In our previous work [
20], we introduced a novel DRL strategy for managing energy in renewable energy communities. This strategy introduces an intelligent agent designed to maximize social welfare through real-time decision making, relying only on currently available data, thus eliminating the necessity for generation and demand forecasts. To enhance the agent’s training effectiveness, we leverage the MILP approach outlined in [
7] by directly incorporating optimal control policies within an asymmetric actor–critic framework. Through diverse simulations across various REC setups, we demonstrate that our methodology surpasses a state-of-the-art rule-based controller. Additionally, it yields BESS control policies with performance closely matching the optimally computed ones using MILP. In this study, we have expanded our research scope to encompass a broader framework that addresses the entire European landscape. By doing so, we aim to shed light on the advantages of our study in a more comprehensive context. This extended perspective allows us to offer insights into the applicability and benefits of our innovative DRL approach not only within individual RECs but also on a larger scale, contributing to a more sustainable and efficient energy landscape across Europe.
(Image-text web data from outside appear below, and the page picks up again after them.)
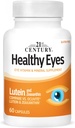 21st Century Healthy Eyes Lutein and Zeaxantin Kapsule, 60 count (27454)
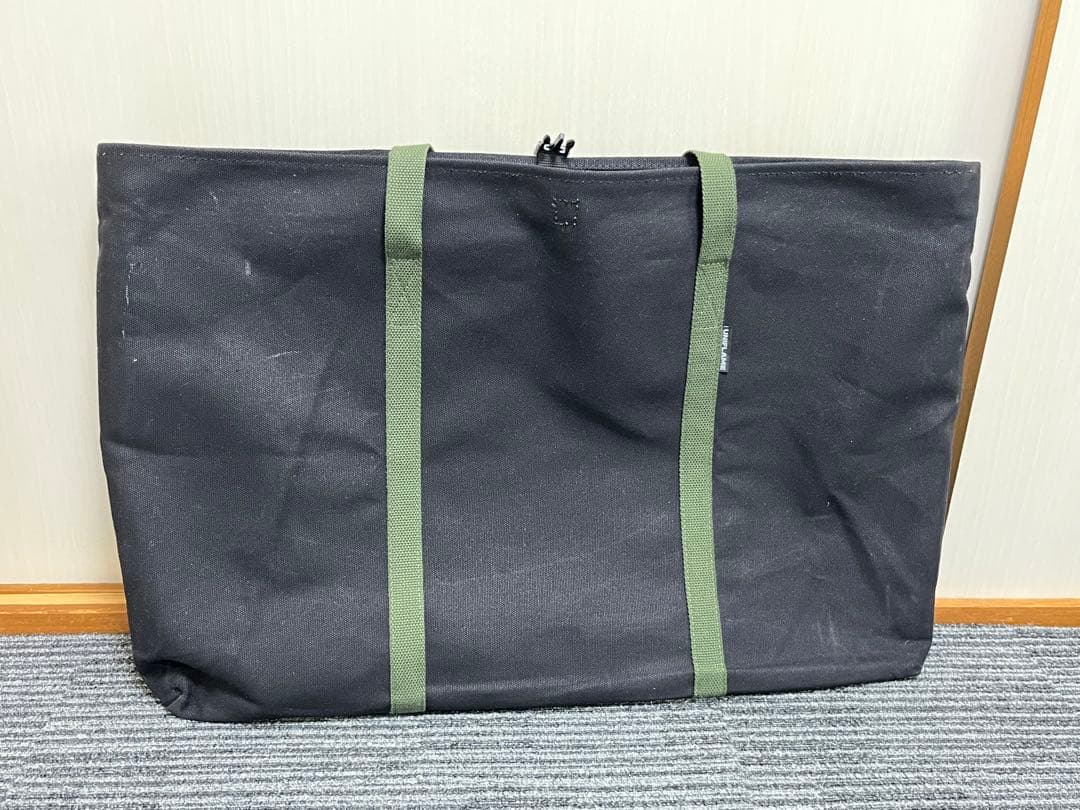 ユニフレーム フィールドラック赤2枚・ステン天板・専用ケース 4点セット 中古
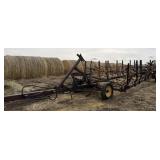 54' Flex Harrow Draw Bar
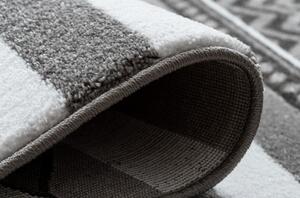 Makro Abra Dětský kusový koberec PETIT ptáčci šedý Rozměr: 160x220 cm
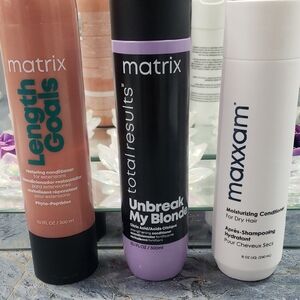 Matrix Conditioner Bundle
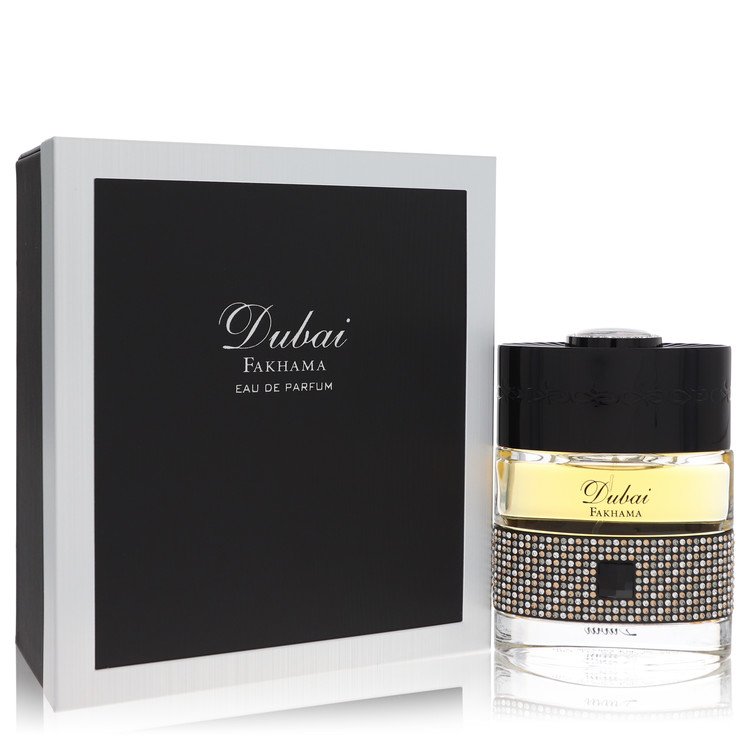 Perfume Masculino The Spirit Of Dubai Fakhama Eau De Parfum (Unisex) 50 Ml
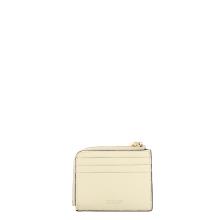 Iuntoo Armonia Portafoglio Zip Beige - 2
1.3. Regional Variations in Energy Dynamics: Insights from Italian Regions and beyond
Understanding REC dynamics requires analyzing regional variations in energy dynamics. The inclusion of various regions within Italy serves as a crucial aspect of our study, providing insights into the specific challenges and opportunities within the Italian energy landscape. Italy’s diverse geographical and socio-economic characteristics necessitate a tailored approach to energy management, making it an ideal testing ground for our proposed reinforcement learning (RL) controller. On the other hand, extending our analysis to countries beyond Italy, such as France, Switzerland, Slovenia, and Greece, adds a transnational dimension to our research. The selection of these specific countries is grounded in their diverse energy market structures, regulatory frameworks, and renewable energy adoption rates. France, with its nuclear-heavy energy mix, offers a contrasting scenario to Italy’s reliance on renewables. Switzerland, a country known for its hydropower capacity, provides insights into decentralized energy systems. Slovenia and Greece, with their unique geographical characteristics, contribute to a more comprehensive understanding of REC dynamics in southern Europe. By incorporating this diverse set of countries, we aim to capture a broad spectrum of challenges and opportunities faced by different European regions. This comparative analysis enhances the generalizability of our findings, allowing us to extrapolate insights that are not only relevant to Italy but also applicable to a broader European context. The careful selection of these countries aligns with our goal of providing a holistic perspective on the application of RL controllers in optimizing energy management across diverse geographical and regulatory landscapes.
This work proceeds as follows.
Section 2 encompasses a review of the relevant literature.
Section 3 formalizes the task and introduces our methodology.
Section 4 delineates the simulations and illustrates the numerical outcomes. Finally,
Section 5 concludes the discussion, delving into potential future advancements.